# Neural network basics

Welcome to the `04_neural_network_basics` notebook. This part of the portfolio is designed to introduce fundamental concepts and techniques in PyTorch, with a particular emphasis on building and understanding neural networks.

Throughout this notebook, I'll explore essential topics such as setting up the environment, defining neural network architectures, and implementing both forward and backward propagation. I'll also cover training procedures, model evaluation, and techniques to save and load trained models.

By working through these exercises, the aim is to gain practical experience in constructing and optimizing neural networks, forming a solid foundation for more advanced machine learning endeavors.

## Table of contents

1. [Introduction](#introduction)
2. [Understanding neural networks](#understanding-neural-networks)
3. [Setting up the environment](#setting-up-the-environment)
4. [Building a neural network](#building-a-neural-network)
5. [Forward propagation](#forward-propagation)
6. [Loss function](#loss-function)
7. [Backpropagation](#backpropagation)
8. [Training the neural network](#training-the-neural-network)
9. [Evaluating the model](#evaluating-the-model)
10. [Saving and loading the model](#saving-and-loading-the-model)
11. [Optimizations](#optimizations)
12. [Handling real-world data](#handling-real-world-data)
13. [Conclusion](#conclusion)
14. [Further exercises](#further-exercises)

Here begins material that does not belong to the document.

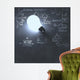 light bulb 3d Wall Mural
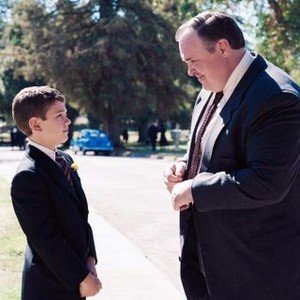 SUBURBICON, FROM LEFT: NOAH JUPE, GARY BASARABA, 2017. PH: HILARY BRONWYN GAYLE/© PARAMOUNT PICTURES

## Understanding neural networks

Neural networks are a foundational technique in machine learning and artificial intelligence, utilized for identifying patterns and relationships within data. Unlike traditional algorithms, which often rely on predefined rules, neural networks learn directly from examples, making them highly adaptable and powerful. These models can handle a variety of tasks, from classification to regression, by adjusting their parameters through training, thereby improving their performance with more data and experience.

### Key concepts

#### 1. Neurons and layers
Neural networks are inspired by the structure and function of the human brain, consisting of interconnected units called neurons. These neurons are organized into layers: the input layer, hidden layers, and the output layer.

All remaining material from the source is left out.